Unter dem Sportplatz einer Grazer Kaserne wurde ein Massengrab aus der NS-Zeit gefunden. Nun wird das Geheimnis der Toten gelüftet.
Der Sportplatz der Grazer Belgier-Kaserne ist seit gestern bis auf Weiteres gesperrt. Denn auf dem Areal, auf dem sonst Rekruten gedrillt werden, wurde ein Massengrab entdeckt. Mit ungebrochener Gesinnungstreue hatten die Nazis noch im Frühjahr 1945 Regimegegner und Juden ermordet – zu einem Zeitpunkt, als der Krieg längst verloren war. Bei dem Massaker in der Belgier-Kaserne, damals SS-Kaserne Wetzelsdorf, starben bis zu 219 Menschen.
Zeugen der NS-Verbrechen noch schnell beseitigt
SP-Verteidigungsminister
Norbert Darabos hatte 2008 eine Untersuchung über die Vorkommnisse in der
Kaserne zu Kriegsende beauftragt.
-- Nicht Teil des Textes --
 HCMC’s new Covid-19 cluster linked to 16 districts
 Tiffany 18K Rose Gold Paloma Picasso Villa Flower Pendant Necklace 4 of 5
Ergebnis: Zielgerichtet war eine
Todesliste von Personen erstellt worden, die NS-Funktionäre hätten belasten
können. Bis zuletzt ging auch der Holocaust weiter: Von einem Transport
Tausender ungarischer Juden, die noch vor dem Einmarsch der Roten Armee ins
KZ Mauthausen gebracht werden sollten, wurden 80 bis 150 in der Grazer
SS-Kaserne hingerichtet.
Konkret vermutet der Historiker Georg Hoffmann (Interview) noch an die 60 Opfer in Bombenkratern, deren Lage erst jetzt durch US-Luftbildaufnahmen bekannt wurde. Um die Tat zu verschleiern, wurde ein Teil der Opfer wieder aus- und am Schießplatz Feliferhof begraben. Diese 142 Leichen wurden im Juni 1945 gefunden, doch der Tatort selbst blieb bis heute unklar. Einer der Täter, ein SS-Offizier, wurde 1911 geboren und könnte heute noch am Leben sein. Seine Spur verläuft sich in den 1950ern in Deutschland.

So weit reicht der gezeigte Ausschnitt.